Knowledge enhancement on the topics was measured by comparing pretest and
posttest scores.
Results: Thirteen residents who were trained using traditional methods were deemed
the control group; while 11 residents who were trained using the 3D printed models
were classed as the intervention group. The control group was younger than the
intervention group (P = 0.047). The results showed that there was a statistically
significant difference in the total posttest scores between the two groups. Based on
the repeated measures of the analysis of variance (ANOVA), score variables were
significant between the two groups (P = 0.008). Interestingly, the use of the 3D
educational model was more effective and statistically significant with the year one
residents as compared to the year two residents (P = 0.002).

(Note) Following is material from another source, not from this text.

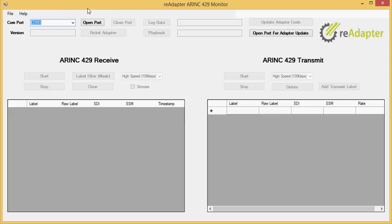Welcome, this is just a slight tutorial for the readaptor ARINC 429 Analyze Monitor. I'm going to go through how to use the program and how to set up your adapter today, and hopefully this helps you out and lets you know a little bit more about the program.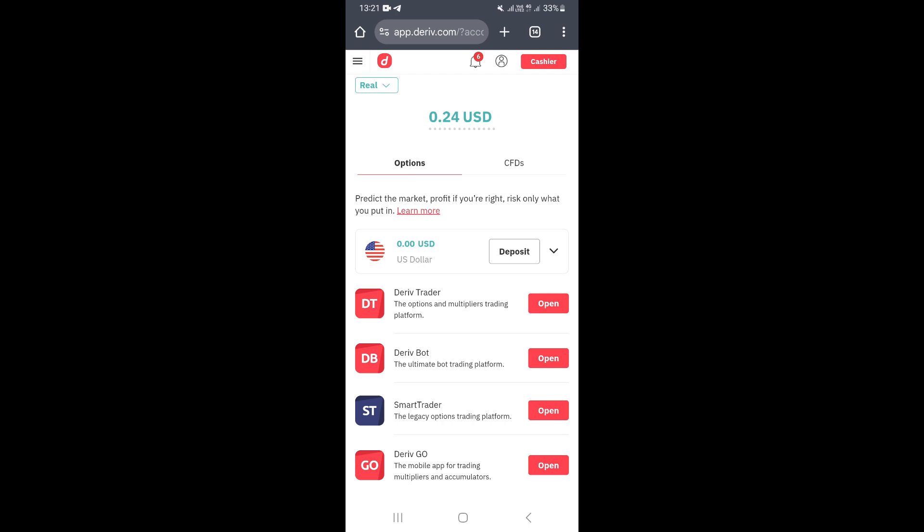Hello guys, in this video I'm going to show you how to link your Derivative account to MT5. The first step is to log in to your Derivative account using your email address and your password.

Conclusion: This study is the first one in Iran quantifying the effects of learning using
3D printed models in medical education. In fact, 3D modeling training is seemingly
effective in teaching ophthalmic residents. As residents have never encountered such
technology before, their experience using 3D models proved to be satisfactory and
had a surprising positive effect on the learning process through visual training.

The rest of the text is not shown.